Ms. Gay resigned as Harvard University president last week under a plagiarism cloud. She was accused of copying or closely paraphrasing nearly 50 passages from other sources without adequate attribution.
Yet the narrative pushed on the left was that conservative villains demonized her.
The Associated Press provided the most glaring example. The news agency announced Ms. Gay’s resignation with the headline “Harvard president’s resignation highlights new conservative weapon against colleges: plagiarism.”
AP backpedaled after being roundly mocked for casting academic integrity as a conservative plot. It changed the headline to “Plagiarism charges downed Harvard’s president. A conservative attack helped to fan the outrage.”
Lauren Easton, AP vice president for corporate communications, told The Washington Times that the “initial story didn’t meet our standards, so we updated it.”
AP was hardly alone. In a New York Times article, Harvard Law School professor Charles Fried called the plagiarism charges “part of this extreme right-wing attack on elite institutions.”
CNN reporter Matt Egan was ridiculed for trying to distinguish between stealing other people’s ideas and borrowing their words.
“We should note that Claudine Gay has not been accused of stealing anyone’s ideas in any of her writings. She has been accused of, sort of, more like copying other people’s writings without attribution,” Mr.

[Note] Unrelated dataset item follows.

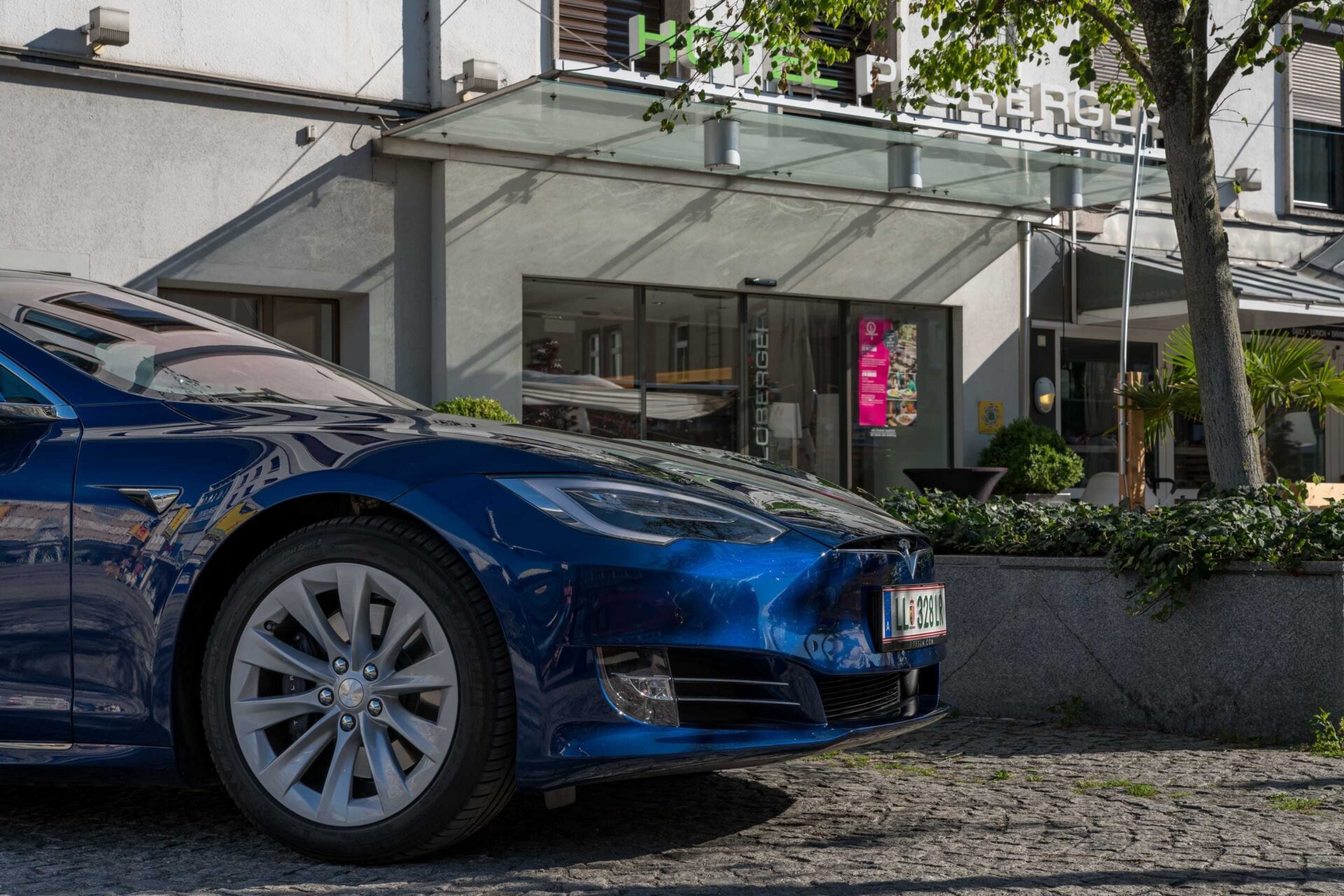 Tesla vor dem Hotel Ploberger Wels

Egan said. “So, it’s been more sloppy attribution than stealing anyone’s ideas.”
Peter Wood, president of the National Association of Scholars, insisted that Ms. Gay’s work was “not sloppiness.”
“Gay, when she took material, would sometimes modify it slightly. She would change the order of the phrase, replace one adjective with a different adjective,” he told The Times. “As someone who’s done a lot of work on plagiarism over the years, it’s the signature of a plagiarist. It’s someone who’s carefully trying to trick people. It’s out-and-out impossible to treat as sloppiness.”
The Washington Free Beacon has run numerous examples of Ms. Gay’s work compared with other sources, including here and here.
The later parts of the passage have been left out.